HIGH-PERFORMANCE COMPUTING, 02614

# Assignment 1: Matrix Multiplication



## **GROUP:**

Alessandro Dal Corso (s120929) Alexander Birke (s124044) Daniele Brazzolotto (s111071)

Technical University of Denmark Lyngby,  $15^{\rm th}$  January 2013

# Contents

| 1 | $\mathbf{Ass}$                                | Assignment 1                                                    |  |  |  |  |
|---|-----------------------------------------------|-----------------------------------------------------------------|--|--|--|--|
|   | 1.1                                           | Summary                                                         |  |  |  |  |
|   | 1.2                                           | Problem Statement                                               |  |  |  |  |
|   | 1.3 Description of Hardware and Software Used |                                                                 |  |  |  |  |
|   |                                               | 1.3.1 Hardware                                                  |  |  |  |  |
|   |                                               | 1.3.2 Compiler                                                  |  |  |  |  |
|   | 1.4                                           | Theory                                                          |  |  |  |  |
|   |                                               | 1.4.1 Loop Optimization Techniques                              |  |  |  |  |
|   |                                               | 1.4.2 Loop Blocking                                             |  |  |  |  |
|   | 1.5                                           | 5 Implementation                                                |  |  |  |  |
|   |                                               | 1.5.1 Basic matrix multiplication                               |  |  |  |  |
|   |                                               | 1.5.2 Blocked matrix algorithm                                  |  |  |  |  |
|   |                                               | 1.5.3 Scripts and tests                                         |  |  |  |  |
|   | 1.6                                           | Results and Conclusions                                         |  |  |  |  |
|   |                                               | 1.6.1 Comparison against dgemm                                  |  |  |  |  |
|   |                                               | 1.6.2 Permutations of m, k, n and performance                   |  |  |  |  |
|   |                                               | 1.6.3 Performance of n,k,m implementations with different sizes |  |  |  |  |
|   |                                               | 1.6.4 Blocked Matrix performance                                |  |  |  |  |
|   |                                               | 1.6.5 Compiler parameters                                       |  |  |  |  |

## Chapter 1

## Assignment 1

## 1.1 Summary

The ultimate goal of the assignment is implementing a matrix multiplication algorithm, optimized for single CPU, single core machine. The focus is on how an existing code can be speeded up, without changing (too much) the total number of operations.

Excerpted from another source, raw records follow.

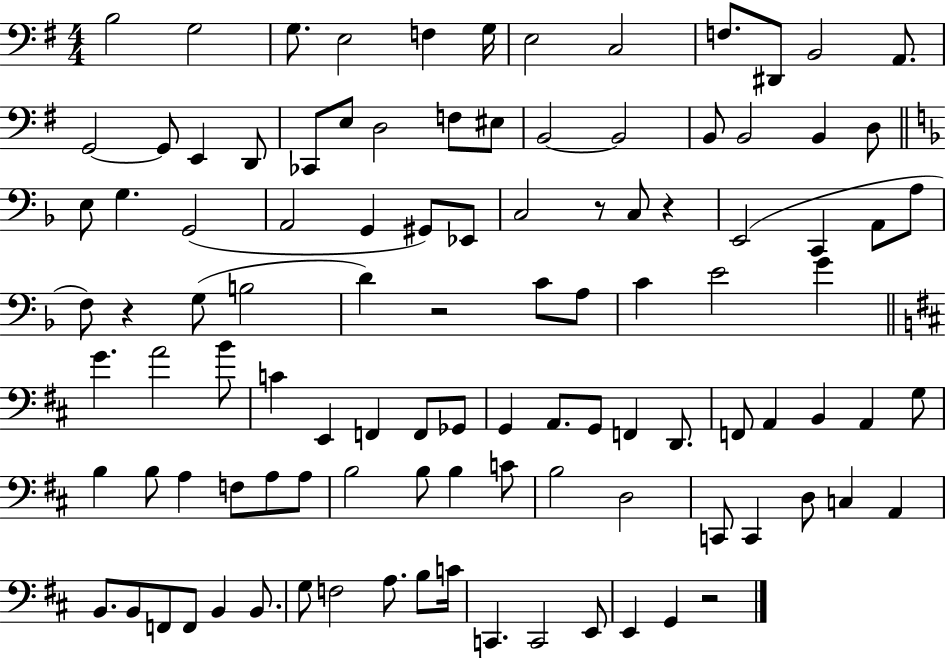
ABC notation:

X:1
T:Untitled
M:4/4
L:1/4
K:G
B,2 G,2 G,/2 E,2 F, G,/4 E,2 C,2 F,/2 ^D,,/2 B,,2 A,,/2 G,,2 G,,/2 E,, D,,/2 _C,,/2 E,/2 D,2 F,/2 ^E,/2 B,,2 B,,2 B,,/2 B,,2 B,, D,/2 E,/2 G, G,,2 A,,2 G,, ^G,,/2 _E,,/2 C,2 z/2 C,/2 z E,,2 C,, A,,/2 A,/2 F,/2 z G,/2 B,2 D z2 C/2 A,/2 C E2 G G A2 B/2 C E,, F,, F,,/2 _G,,/2 G,, A,,/2 G,,/2 F,, D,,/2 F,,/2 A,, B,, A,, G,/2 B, B,/2 A, F,/2 A,/2 A,/2 B,2 B,/2 B, C/2 B,2 D,2 C,,/2 C,, D,/2 C, A,, B,,/2 B,,/2 F,,/2 F,,/2 B,, B,,/2 G,/2 F,2 A,/2 B,/2 C/4 C,, C,,2 E,,/2 E,, G,, z2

An iterative process has been used to improve the code and, after every optimization, an automatic test session has been performed in order to verify the actual performances on different conditions. In some interesting case a profiling tool has been used to investigate in depth some specific behaviour.

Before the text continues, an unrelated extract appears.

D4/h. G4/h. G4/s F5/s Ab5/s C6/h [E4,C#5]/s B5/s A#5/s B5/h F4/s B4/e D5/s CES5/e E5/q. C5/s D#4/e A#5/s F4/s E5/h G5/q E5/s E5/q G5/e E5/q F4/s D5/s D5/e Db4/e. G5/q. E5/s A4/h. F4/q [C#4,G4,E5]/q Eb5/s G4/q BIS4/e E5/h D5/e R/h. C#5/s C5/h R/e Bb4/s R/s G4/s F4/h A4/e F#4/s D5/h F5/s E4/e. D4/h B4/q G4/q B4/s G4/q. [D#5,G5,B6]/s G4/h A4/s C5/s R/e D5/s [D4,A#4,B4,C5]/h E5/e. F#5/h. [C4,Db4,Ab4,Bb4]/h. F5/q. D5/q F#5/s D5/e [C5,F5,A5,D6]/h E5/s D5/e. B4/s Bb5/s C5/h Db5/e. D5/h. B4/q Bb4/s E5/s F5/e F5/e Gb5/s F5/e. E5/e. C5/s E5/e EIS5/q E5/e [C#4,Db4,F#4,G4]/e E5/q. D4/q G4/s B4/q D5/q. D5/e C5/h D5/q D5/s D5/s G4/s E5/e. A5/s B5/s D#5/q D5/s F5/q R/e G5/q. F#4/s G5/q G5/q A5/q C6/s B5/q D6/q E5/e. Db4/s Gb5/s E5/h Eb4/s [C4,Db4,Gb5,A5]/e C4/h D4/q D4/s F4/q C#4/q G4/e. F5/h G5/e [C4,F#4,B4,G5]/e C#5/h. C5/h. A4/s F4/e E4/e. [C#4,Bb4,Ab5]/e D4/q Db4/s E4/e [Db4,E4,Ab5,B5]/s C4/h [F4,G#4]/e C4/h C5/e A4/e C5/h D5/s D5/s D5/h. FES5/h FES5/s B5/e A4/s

The results confirmed that the main bottleneck of the naive algorithm was the poor use of the cache, but they also saw that the best performances can be reach with code that leads to the right compiler optimizations, rather than with code that pretends to optimize everything itself.

## 1.2 Problem Statement

From the assignment we were given the following tasks

- Write a function that performs matrix multiplication on arbitrary sized two-dimensional arrays.
- Make a separate implementation for each way the loops in the above function can be ordered and test which one is the fastest.
- Compare the result of our implementation to DGEMM(), a similar function in the BLAS library
- All the functions and the call to DGEMM() should be wrapped into a single library.
- Implement a blocked version of the matrix multiplication function and identify the block size that gives the best performance in regards to L1 cache. This result should be compared to the timings for the library function.
- Compare different compiler settings to see how they affect the result.

## 1.3 Description of Hardware and Software Used

#### 1.3.1 Hardware

To perform the test, it has been used the DTU HPC facility, in particular a Intel Xeon X5550 @ 2.67 GHz.

More technical specification are listed below, in particular please note the cache size, 32 KB L1 and 256 KB L2, and the current CPU speed during the tests, reduced at 1.6 GHz.

DTU provides also some AMD Opteron 6168 machines (technical specifications are listed below as well), but if not different specified, the Intel Xeon X5550 is used.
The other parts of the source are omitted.